The 13th Court of Appeals issued its ruling last week, affirming Oscar Davila Rodriguez’s murder conviction for stalking, harassing and eventually murdering 19-year-old Nydia Maldonado on Oct. 31, 2005 after breaking into her home.

Maldonado, who was Rodriguez’s ex-girlfriend, was strangled and stabbed with tweezers and Rodriguez attempted to make her death look like a suicide.

Rodriguez, who was sentenced to 40 years in prison in 2018, failed to appear on the last day of his trial in 2008 when a jury convicted him.

He had been free on bond at the time.

Authorities eventually captured Rodriguez in Coahuila, Mexico, and he was returned to Hidalgo County on Nov. 14, 2018. He was finally sentenced on Nov. 26, 2018.

In his appeal, Rodriguez made multiple claims, including that the trial court erred by denying a motion to suppress his statements to police; that the trial court failed to properly instruct the jury; and that trial counsel was ineffective by failing to object to the jury instructions.

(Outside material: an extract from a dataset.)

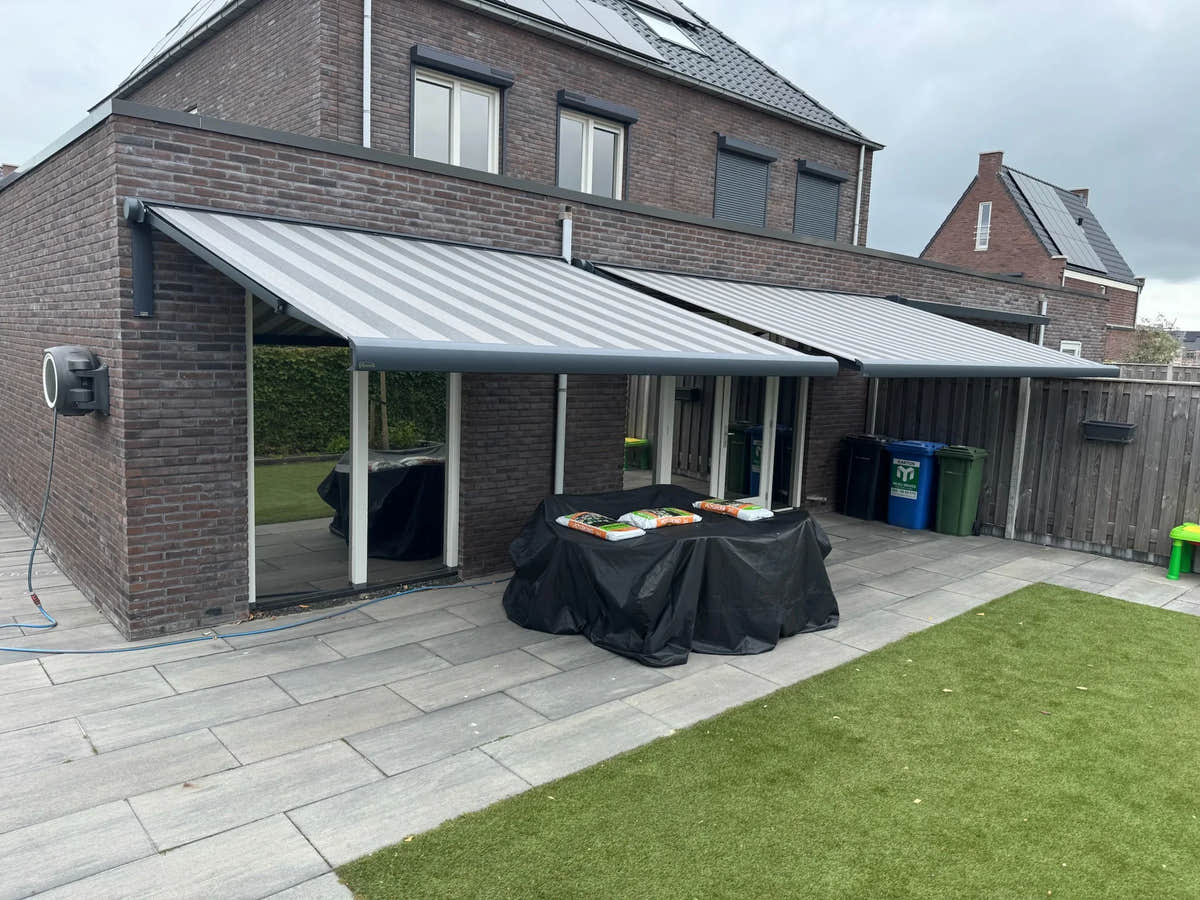 Compacte pergola klein voor een kleinere tuin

Rodriguez also claimed the trial court erred by admitting “extraneous-matter evidence” and because it denied his motion for a new trial based on “newly discovered evidence.”

The appellate court found all of these claims lacked merit.

As of now, Rodriguez does have another motion for a new trial that hasn’t been yet ruled on.

He is not eligible for parole until 2038 and the Texas Department of Criminal Justice lists his projected release date as 2058.